A few months ago a friend of mine was working on an important legal case as a paralegal. He had been asked to research reams of precedent that were to be used in court the following week. After several long nights compiling his research, the firm he worked for dropped the case.

His pages of research were now worthless, those long nights wasted and he became deeply depressed. He began to turn up to work late and leave early, his productivity diminished and a month later he quit.

He is now training to be a teacher and has since told me that whilst he enjoyed his work as a paralegal and the challenge of researching cases long into the night, seeing his efforts go to waste so suddenly without regard was too disheartening. He felt unappreciated and eventually resented those he worked for.

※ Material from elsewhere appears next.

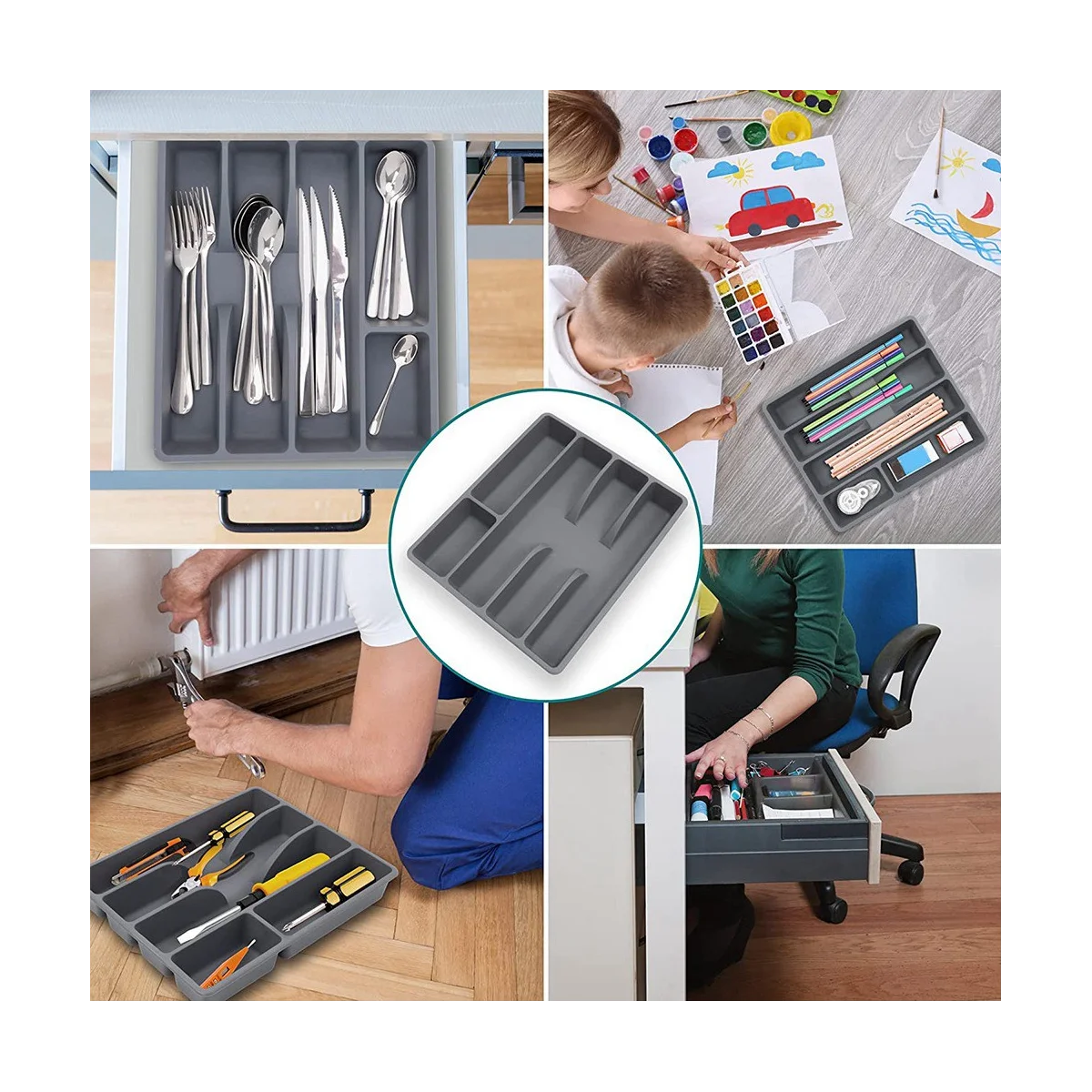 Laci laci dapur Organizer perak pemegang alat makan penyimpan peralatan makan nampan plastik Flatware Organizer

My friend's story is not an uncommon one - despite a decent wage and stable employment he did not feel a "sense of purpose" and as a consequence his productivity suffered.

His tale is anecdotal evidence that money alone isn't enough to motivate us to work - and chances are, you're reading this and recalling a similar situation you've experienced during your working life.

My friend's comments led me to some recent research by Dan Ariely, a professor of psychology and behavioural economics. Through a series of experiments he studied and analysed the effect and importance of this "sense of purpose" and why we need more "meaning" in our work.

Experiment 1 -The Bionicles


For the first experiment, each participant was asked individually whether they would like to build LEGO Bionicles for money. For every Bionicle a participant agreed to build the amount of money on offer would decrease (e.g. the first £3, the second £2.70, the third £2.40...etc) until the participant decided the task was no longer worthwhile.